Without smart bonding, the midside nodes in the part on the right can pull away from the face of the left part. (Only nodes on contact face shown for clarity.) | With smart bonding, the midside nodes are bonded to the face of the left part. Thus, the midside nodes cannot pull away. (Parts shown with slight gap for clarity.) |
Figure 2: Bonding Midside Nodes |
Models created prior to the introduction of smart bonding may have relied on an un-matched mesh to create free surfaces even though the contact type was set to bonded. If such models are re-analyzed, the smart bonding should not be enabled; otherwise, such surfaces will now behave as bonded. See Figure 3. (By default, smart bonding is disabled for legacy models.)
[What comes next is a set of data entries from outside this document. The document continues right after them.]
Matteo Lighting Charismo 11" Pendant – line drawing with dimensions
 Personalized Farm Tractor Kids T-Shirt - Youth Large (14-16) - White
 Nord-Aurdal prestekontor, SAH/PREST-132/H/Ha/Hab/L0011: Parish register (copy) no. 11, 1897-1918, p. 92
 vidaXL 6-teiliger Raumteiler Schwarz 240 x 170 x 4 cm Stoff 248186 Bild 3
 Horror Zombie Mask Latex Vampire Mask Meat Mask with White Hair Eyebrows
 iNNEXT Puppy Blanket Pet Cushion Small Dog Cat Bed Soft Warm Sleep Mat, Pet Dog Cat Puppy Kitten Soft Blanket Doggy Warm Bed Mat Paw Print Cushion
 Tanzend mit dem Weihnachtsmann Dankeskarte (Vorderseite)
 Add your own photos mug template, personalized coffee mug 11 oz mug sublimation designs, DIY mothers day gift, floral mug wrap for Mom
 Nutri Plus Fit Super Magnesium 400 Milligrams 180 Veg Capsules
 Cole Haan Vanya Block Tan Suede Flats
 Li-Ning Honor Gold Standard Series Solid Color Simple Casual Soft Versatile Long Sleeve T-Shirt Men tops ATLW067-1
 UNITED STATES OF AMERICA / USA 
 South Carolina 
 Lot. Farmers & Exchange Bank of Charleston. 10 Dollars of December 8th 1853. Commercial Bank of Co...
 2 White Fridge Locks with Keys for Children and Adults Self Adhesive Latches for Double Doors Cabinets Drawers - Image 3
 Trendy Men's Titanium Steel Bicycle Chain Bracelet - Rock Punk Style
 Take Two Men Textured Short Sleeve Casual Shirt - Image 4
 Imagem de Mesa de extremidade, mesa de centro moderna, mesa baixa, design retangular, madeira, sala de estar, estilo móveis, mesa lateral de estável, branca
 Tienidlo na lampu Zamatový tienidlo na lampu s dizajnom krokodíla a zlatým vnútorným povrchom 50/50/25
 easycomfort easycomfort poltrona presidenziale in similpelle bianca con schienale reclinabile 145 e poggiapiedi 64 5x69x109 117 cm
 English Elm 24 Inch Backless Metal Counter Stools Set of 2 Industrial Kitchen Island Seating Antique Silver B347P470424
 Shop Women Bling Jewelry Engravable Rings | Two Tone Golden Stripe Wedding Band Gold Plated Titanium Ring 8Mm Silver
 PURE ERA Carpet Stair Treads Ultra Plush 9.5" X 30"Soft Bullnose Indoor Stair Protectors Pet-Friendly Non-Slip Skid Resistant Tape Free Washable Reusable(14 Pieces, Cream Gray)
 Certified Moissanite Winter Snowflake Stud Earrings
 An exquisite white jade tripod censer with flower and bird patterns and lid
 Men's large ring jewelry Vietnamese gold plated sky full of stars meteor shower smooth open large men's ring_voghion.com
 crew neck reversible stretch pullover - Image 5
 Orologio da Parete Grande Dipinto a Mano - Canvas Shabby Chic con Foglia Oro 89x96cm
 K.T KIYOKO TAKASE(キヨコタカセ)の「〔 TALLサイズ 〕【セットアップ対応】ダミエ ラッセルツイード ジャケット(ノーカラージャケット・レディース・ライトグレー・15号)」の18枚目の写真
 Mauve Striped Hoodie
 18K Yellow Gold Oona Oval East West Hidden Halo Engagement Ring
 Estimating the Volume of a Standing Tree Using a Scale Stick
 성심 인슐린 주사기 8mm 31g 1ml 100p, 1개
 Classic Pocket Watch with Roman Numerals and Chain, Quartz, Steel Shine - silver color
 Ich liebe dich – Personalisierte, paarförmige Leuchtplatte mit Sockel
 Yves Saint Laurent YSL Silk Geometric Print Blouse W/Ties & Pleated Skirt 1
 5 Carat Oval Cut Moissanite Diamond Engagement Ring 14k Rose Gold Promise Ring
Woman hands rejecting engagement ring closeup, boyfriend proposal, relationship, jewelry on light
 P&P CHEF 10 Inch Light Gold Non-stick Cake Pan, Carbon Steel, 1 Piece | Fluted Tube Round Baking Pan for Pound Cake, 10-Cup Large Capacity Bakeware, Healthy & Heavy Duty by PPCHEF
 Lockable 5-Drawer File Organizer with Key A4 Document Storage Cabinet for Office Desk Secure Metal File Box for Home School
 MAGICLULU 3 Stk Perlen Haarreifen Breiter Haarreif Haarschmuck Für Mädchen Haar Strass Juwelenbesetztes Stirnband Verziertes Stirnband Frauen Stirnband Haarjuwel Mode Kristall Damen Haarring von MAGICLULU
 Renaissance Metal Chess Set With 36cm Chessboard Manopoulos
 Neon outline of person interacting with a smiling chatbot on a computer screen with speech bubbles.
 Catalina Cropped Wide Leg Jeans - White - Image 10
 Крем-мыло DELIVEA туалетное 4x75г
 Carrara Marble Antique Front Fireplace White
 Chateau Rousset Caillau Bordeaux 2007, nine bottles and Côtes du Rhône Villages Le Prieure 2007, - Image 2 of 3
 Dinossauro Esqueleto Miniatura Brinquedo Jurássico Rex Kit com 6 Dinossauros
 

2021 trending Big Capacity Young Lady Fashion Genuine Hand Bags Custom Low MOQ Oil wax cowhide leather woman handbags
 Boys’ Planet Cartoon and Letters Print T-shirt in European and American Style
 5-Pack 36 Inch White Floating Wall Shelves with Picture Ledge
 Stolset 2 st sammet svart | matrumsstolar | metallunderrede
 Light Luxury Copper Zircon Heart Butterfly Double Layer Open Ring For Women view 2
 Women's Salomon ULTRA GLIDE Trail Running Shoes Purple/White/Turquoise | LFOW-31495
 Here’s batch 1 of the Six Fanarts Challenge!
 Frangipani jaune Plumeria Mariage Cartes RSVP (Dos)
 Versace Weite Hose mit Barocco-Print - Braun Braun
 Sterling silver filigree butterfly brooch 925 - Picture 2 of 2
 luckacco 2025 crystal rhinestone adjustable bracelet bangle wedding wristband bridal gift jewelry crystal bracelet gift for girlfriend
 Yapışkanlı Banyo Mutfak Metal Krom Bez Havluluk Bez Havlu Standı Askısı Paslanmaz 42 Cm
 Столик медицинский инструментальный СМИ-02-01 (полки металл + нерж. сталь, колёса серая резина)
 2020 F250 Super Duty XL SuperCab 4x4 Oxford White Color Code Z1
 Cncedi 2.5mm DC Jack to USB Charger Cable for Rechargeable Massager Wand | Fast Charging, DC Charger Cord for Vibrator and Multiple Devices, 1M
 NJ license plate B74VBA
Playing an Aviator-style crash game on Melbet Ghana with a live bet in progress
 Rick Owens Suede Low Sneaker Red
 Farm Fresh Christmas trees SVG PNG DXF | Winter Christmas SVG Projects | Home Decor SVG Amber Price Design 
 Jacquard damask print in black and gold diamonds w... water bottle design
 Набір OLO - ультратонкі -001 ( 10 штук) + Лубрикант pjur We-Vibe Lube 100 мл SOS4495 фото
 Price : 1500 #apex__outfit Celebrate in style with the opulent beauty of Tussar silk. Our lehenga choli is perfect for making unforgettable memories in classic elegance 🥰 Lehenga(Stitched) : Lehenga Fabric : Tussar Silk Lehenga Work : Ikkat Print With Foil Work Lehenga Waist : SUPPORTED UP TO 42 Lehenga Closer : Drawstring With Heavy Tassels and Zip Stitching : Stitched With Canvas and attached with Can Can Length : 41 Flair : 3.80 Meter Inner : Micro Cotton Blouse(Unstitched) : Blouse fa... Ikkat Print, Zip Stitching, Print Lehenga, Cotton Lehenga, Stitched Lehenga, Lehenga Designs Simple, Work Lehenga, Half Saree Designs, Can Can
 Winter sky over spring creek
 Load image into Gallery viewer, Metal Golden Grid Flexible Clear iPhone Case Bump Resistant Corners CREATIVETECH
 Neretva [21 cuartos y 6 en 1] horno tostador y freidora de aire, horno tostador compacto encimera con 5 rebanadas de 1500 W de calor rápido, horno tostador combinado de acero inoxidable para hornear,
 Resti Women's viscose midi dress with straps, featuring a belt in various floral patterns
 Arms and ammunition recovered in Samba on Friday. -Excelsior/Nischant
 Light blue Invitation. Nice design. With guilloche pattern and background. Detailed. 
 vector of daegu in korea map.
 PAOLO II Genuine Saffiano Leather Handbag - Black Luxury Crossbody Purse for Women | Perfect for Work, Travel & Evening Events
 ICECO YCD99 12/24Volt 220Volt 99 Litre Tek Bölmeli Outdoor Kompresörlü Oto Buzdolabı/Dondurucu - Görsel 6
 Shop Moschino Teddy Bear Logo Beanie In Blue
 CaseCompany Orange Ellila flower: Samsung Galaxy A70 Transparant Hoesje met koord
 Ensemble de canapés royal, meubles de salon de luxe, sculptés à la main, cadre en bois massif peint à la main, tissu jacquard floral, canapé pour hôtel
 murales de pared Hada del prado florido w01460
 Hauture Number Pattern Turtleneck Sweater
(a) Prior to smart bonding, parts are not bonded because the nodes do not match. (Actually, no type of contact would have worked since the nodes do not match.) A tangential force F causes the parts can separate. |
(b) If the same model is opened in software with smart bonding capability, and if the contact type is bonded, and if smart bonding is enabled, the parts will bond even though the nodes do not match. Thus, the parts will not separate. To avoid this, either deactivate the Enable smart bonded/welded contact option, or set the contact type for the appropriate surfaces to Free/No Contact. |
Figure 3: Free Contact with Unmatched Mesh (Older Models) |
Spot welding is an example of congruent surfaces where some nodes do not match and you do not want these nodes to be bonded.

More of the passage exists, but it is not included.